Wednesday, January 23, 2019

The History of Challenges Relevant to the Interpretation of DNA Mixtures


         As an expert consultant in forensic biology/DNA, I am frequently asked by defense attorneys (I am rarely contacted by counsel for the prosecution) to educate them on various basic aspects of the emerging technology referred to as ‘probabilistic genotyping’ (PG). I explain that—while I am quite familiar with the fundamentals of PG technology—they might be optimally served by also requesting insights from forensic DNA mathematicians and/or experts who have actually developed PG software. I also emphasize that, as part of a good legal education on PG technology, they should scrutinize the history of DNA mixture interpretations.
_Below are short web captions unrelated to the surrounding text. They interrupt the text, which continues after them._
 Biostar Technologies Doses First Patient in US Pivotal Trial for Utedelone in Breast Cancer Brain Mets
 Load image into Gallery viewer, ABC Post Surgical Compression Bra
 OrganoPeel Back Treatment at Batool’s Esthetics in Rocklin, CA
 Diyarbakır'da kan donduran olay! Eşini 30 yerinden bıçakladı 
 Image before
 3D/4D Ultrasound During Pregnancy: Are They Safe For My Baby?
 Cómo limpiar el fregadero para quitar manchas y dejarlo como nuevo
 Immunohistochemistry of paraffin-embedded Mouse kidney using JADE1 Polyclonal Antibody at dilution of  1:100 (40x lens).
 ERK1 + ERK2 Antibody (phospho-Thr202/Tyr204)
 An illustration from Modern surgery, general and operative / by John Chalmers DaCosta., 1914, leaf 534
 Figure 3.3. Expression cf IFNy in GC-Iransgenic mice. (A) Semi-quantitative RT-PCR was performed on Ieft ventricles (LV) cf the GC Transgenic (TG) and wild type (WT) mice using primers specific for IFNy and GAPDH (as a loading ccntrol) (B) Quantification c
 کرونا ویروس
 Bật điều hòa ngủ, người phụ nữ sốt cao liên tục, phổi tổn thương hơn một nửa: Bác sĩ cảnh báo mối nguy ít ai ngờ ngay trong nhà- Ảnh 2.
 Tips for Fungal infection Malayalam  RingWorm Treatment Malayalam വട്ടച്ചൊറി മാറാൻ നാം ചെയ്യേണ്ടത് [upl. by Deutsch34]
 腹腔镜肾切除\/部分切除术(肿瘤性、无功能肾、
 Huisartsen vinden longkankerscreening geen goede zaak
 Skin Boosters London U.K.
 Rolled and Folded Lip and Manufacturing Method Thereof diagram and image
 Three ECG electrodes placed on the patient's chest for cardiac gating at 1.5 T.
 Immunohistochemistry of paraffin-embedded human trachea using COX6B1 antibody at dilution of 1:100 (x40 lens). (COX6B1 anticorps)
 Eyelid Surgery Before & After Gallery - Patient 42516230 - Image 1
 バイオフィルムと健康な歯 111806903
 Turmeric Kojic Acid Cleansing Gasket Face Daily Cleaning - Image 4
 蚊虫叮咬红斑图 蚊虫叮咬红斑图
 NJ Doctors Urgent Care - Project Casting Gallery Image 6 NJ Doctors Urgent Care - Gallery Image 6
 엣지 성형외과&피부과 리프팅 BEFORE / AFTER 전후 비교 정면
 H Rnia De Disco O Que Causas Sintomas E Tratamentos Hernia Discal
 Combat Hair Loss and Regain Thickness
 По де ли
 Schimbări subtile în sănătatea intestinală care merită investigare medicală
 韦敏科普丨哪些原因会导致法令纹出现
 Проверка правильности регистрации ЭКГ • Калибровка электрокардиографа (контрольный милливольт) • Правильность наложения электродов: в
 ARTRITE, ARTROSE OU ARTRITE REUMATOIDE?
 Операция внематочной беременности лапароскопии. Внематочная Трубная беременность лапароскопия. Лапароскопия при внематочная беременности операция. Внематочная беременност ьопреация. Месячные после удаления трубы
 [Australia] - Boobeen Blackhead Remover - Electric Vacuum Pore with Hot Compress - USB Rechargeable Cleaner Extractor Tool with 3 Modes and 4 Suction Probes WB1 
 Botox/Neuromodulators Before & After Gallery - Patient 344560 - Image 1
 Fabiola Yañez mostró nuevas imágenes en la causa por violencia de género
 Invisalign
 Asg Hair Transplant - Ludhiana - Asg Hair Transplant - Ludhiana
When individuals working within the criminal justice system ask for advice on the fundamentals of forensic biology/DNA, I recommend the following: Any documentation published by the Scientific Working Group on DNA Analysis Methods (SWGDAM) will prove to be extremely useful. Link: https://www.swgdam.org/publications  Additional resources: DNA for the Defense Bar. (June, 2012), from the U.S. Department of Justice. Link:  https://www.ncjrs.gov/pdffiles1/nij/237975.pdf Two recent resources are: Forensic DNA Analysis: A Primer for Courts. (November, 2017), published by the Royal Society of Edinburgh: https://www.semanticscholar.org/paper/Forensic-DNA-analysis%3A-a-primer-for-courts/b503fc9202c4b6cc2ac783d326430b9402450987
and The Litigator’s Handbook of Forensic Medicine, Psychiatry, and Psychology. Within this reference set, Chapter 8 is entitled: “Forensic Use of DNA”. This reference is slated for publication in September, 2019. Requests for an advance copy of Chapter 8 can be directed to Michael J. Spence, Ph.D., at mike@spenceforensics.com

Analysis of evidence items can lead to the characterization of DNA mixtures with endless gradations of complexity and variability. From locus-to-locus, no two DNA mixture electropherograms (e-grams) will exhibit the identical ‘allelic landscape’. As Short Tandem Repeat (STR) typing initially became the basis of forensic human identification, law enforcement labs were not provided with sufficient centralized standards for the appropriate interpretation of DNA mixtures. Forensic DNA laboratory managers and their analysts were lacking direction. As this scientific obstacle became progressively recognized, and efforts were made to implement various guidelines, controversies and legal debates ensued.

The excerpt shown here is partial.